Con el tiempo y la venta la familia pudo construir su casa y mantener a los seis hijos. Don Pablito cree que no todo ha sido trabajo, sino que la Virgen de la Candelaria de quien es devoto, lo ayudó en el éxito de su negocio.
Hoy, a sus 77 años sigue con la misma rutina diaria, aunque las cosas se han puesto un poco mal y ya no tenga la fuerza suficiente, ya que desde hace algunos años sufre el mal de Parkinson, lo que no le permite trabajar “empleando las dos manos”. Son su esposa y sus hijos quienes lo ayudan. Pero eso sí, él no deja de dar el toque final. Tiene previsto ir a Arequipa, a donde está uno de sus hijos, para hacerse ver con un especialista.
Compromiso dulce.- Ha sido una constante para don Pablito, asumir el compromiso de no dejar de hacer alfajores ni un solo día para no tener que fallar a sus clientes, “si no el público se amarga, está esperando”, afirma.

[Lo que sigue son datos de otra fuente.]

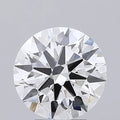 3.00ct Round Lab Grown Diamond (Colour D, Clarity VVS1, Cut ID, IGI Certified)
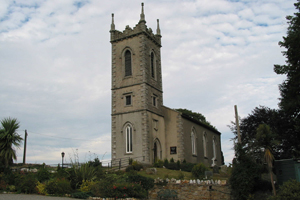 St Fiaac's Church Clonegal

Aunque parezca inocente es un mandato que se ha impuesto desde un comienzo.
Cuando tiene que ir de viaje a Arequipa o a La Paz, para visitar a sus hijos que están allí, lo hace solo. Es su esposa doña Juana quien, indefectiblemente, se queda para seguir con la producción de los alfajores.
Cuando tiene que ir de viaje a Arequipa o a La Paz, para visitar a sus hijos que están allí, lo hace solo. Es su esposa doña Juana quien, indefectiblemente, se queda para seguir con la producción de los alfajores.
Quizá este compromiso vaya más allá que una simple transacción de producto y venta. Quizá haya en el corazón de este hombre así como en los ingredientes que utiliza una cierta pasión concentrada que hace que, en el sabor de sus alfajores, podamos encontrar la esencia de ese Puno añejo y actual, de tarde caliente y noche fría, que nos transporta, como si se tratara de un viaje, a disfrutar de un necesario gustito cada día. Por eso podemos decir que quien no ha comido un alfajor “Crema de Oro” no conoce el sabor de Puno.
Y eso es suficiente y bastante. A don Pablito no le hace falta toda esa maquinaria mercantil y mediática dirigida por intereses privados que ensalza el boom gastronómico peruano –en verdad solo limeño– del que tanto se habla en los últimos años, sencillamente porque sus alfajores no pasan de moda y se han insertado en la tradición de la ciudad desde hace más de 50 años, sin traicionar su calidad ni su convicción de endulzar y generar placer en quienes los comen. La sabiduría del sabor. Ya ni siquiera la competencia preocupa. La gente se queja de los otros alfajoreros porque no se igualan a estos.
Un secreto.- Don Pablito dice que sus alfajores adquieren un sabor distinto, “mucho más rico”, si se guardan de un día para otro. “Pero solo un día”, precisa. Parece ser que de esta forma absorben el clima frígido de la ciudad, lo que hace que se revistan de cierto sabor que los hace más deliciosos. “Y hay que comerlos con cafecito o con té”, recomienda.